Hinsichtlich der Aussenbeziehungen Ihres Landes beobachten
wir mit Genugtuung, dass die Mongolei sich bemueht, durch eine aktive Politik des Dialogs
mit ihren grossen Nachbarn im Norden und Sueden sowie mit den neuen Staaten Zentralasiens
zu partnerschaftlichen und stabilen Beziehungen zu kommen, alte Spannungen durch neues
Vertrauen zu ersetzen. Das Asienkonzept der Bundesregierung zielt, wie Sie wissen, nicht
nur auf einen immer engeren Wirtschaftsaustausch mit Ihrem Teil der Welt. Wir streben
zudem an, dass die Seidenstrasse unserer Zeit auch dem politischen Dialog ueber
Zusammenarbeit und Vertrauensbildung innerhalb der Regionen und zwischen den Regionen
dient.
Die aktuellen Menschheitsprobleme lassen sich nur noch in
weltweiter Zusammenarbeit loesen, durch Kooperation zwischen Kleinen und Grossen, zwischen
Nachbarn ebenso wie zwischen weit voneinander entfernten Laendern. Der Einsatz der
mongolischen Regierung fuer die Nichtverbreitung atomarer Waffen ist ein wichtiger Beitrag
zu dieser gemeinsamen Befassung mit unseren globalen Problemen.
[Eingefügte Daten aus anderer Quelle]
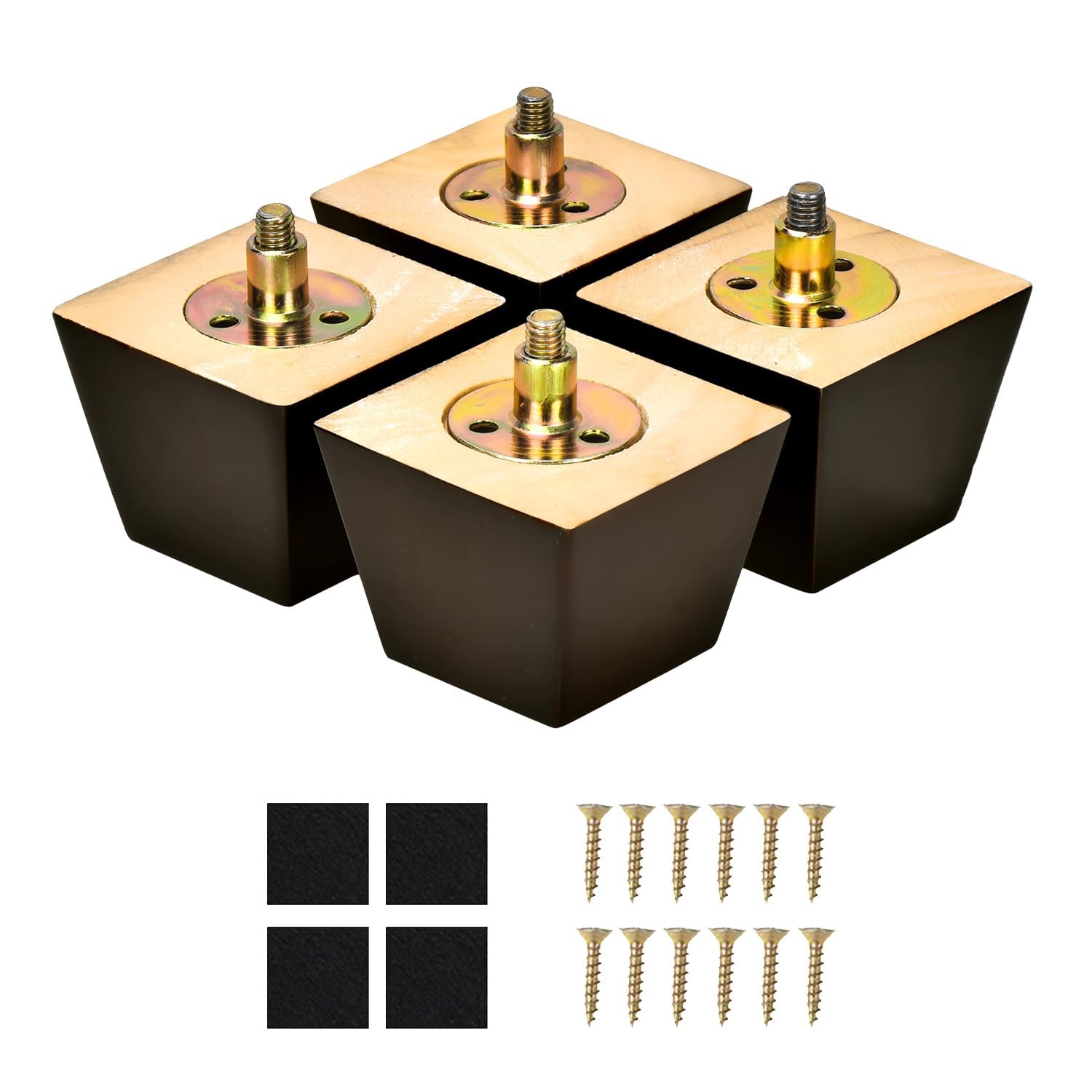 2 Inches Furniture Feet for Couch Sofa Set of 4 Furniture Legs Square Wood Le...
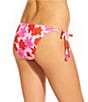 GB Modern Floral Scrunchie Textured Lettuce Edge Tie Side Hipster Swim Bottom, Color:Ballerina - Image 2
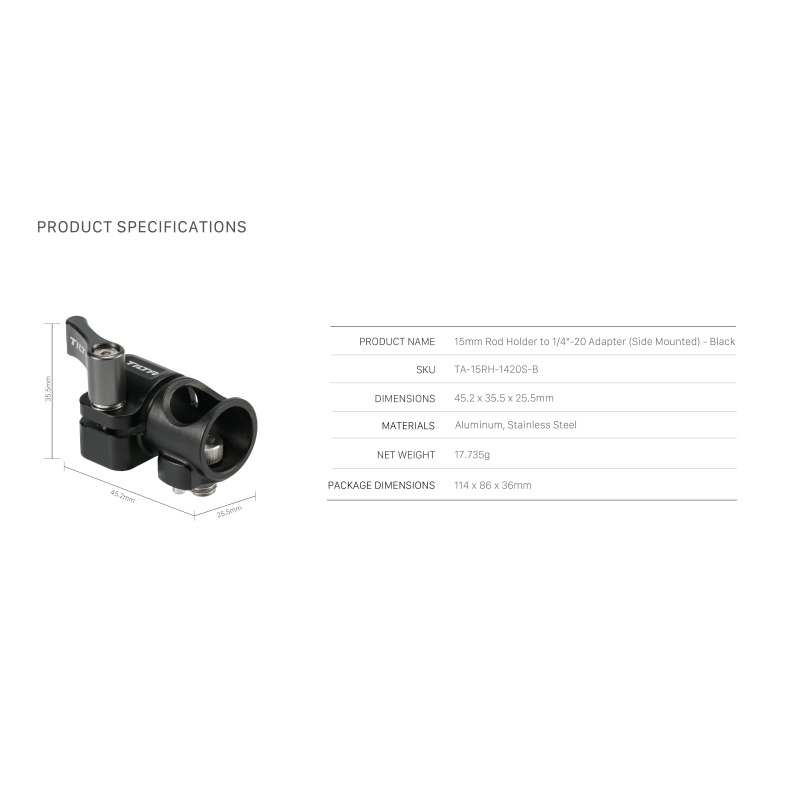 Giá đỡ thanh 15mm sang Bộ chuyển đổi 1/4"-20– Đen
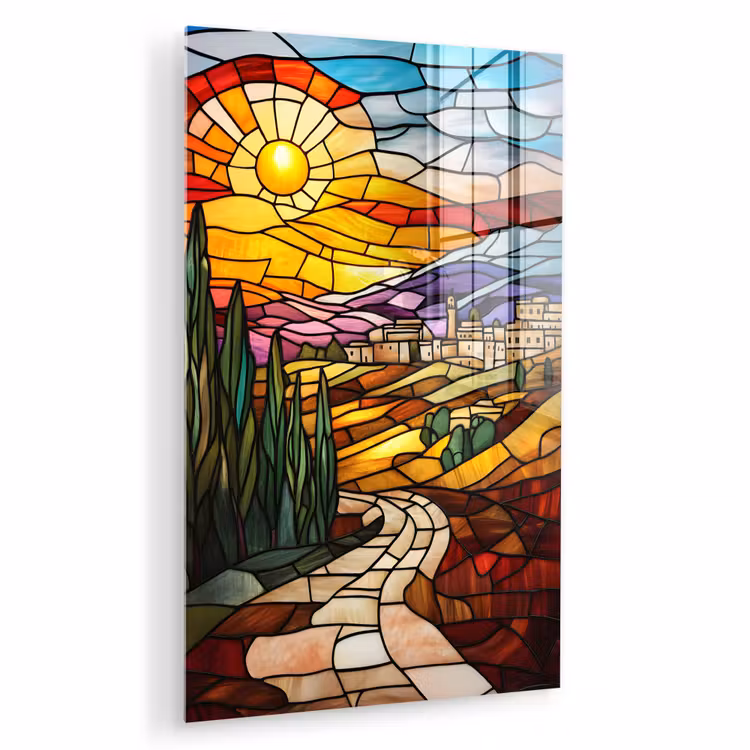 Glas schilderij - Mozaïek - Zon - Landschap - Dorp — 1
Dafuer gebuehrt Ihnen
unsere besondere Anerkennung.
Ich wuensche Ihnen, Herr Praesident, Ihrer Frau und Ihrer Delegation einen erlebnisreichen, guten Aufenthalt in Deutschland. Ihr Besuch leistet einen wichtigen Beitrag zum Dialog zwischen unseren Laendern und unseren Regionen. Ich bitte Sie, verehrte Gaeste, mit mir das Glas zu erheben und anzustossen auf das Wohl des Praesidenten der Mongolei und seiner Gattin, auf die alte und neue Freundschaft zwischen unseren Voelkern sowie auf eine glueckliche Zukunft des mongolischen Volkes.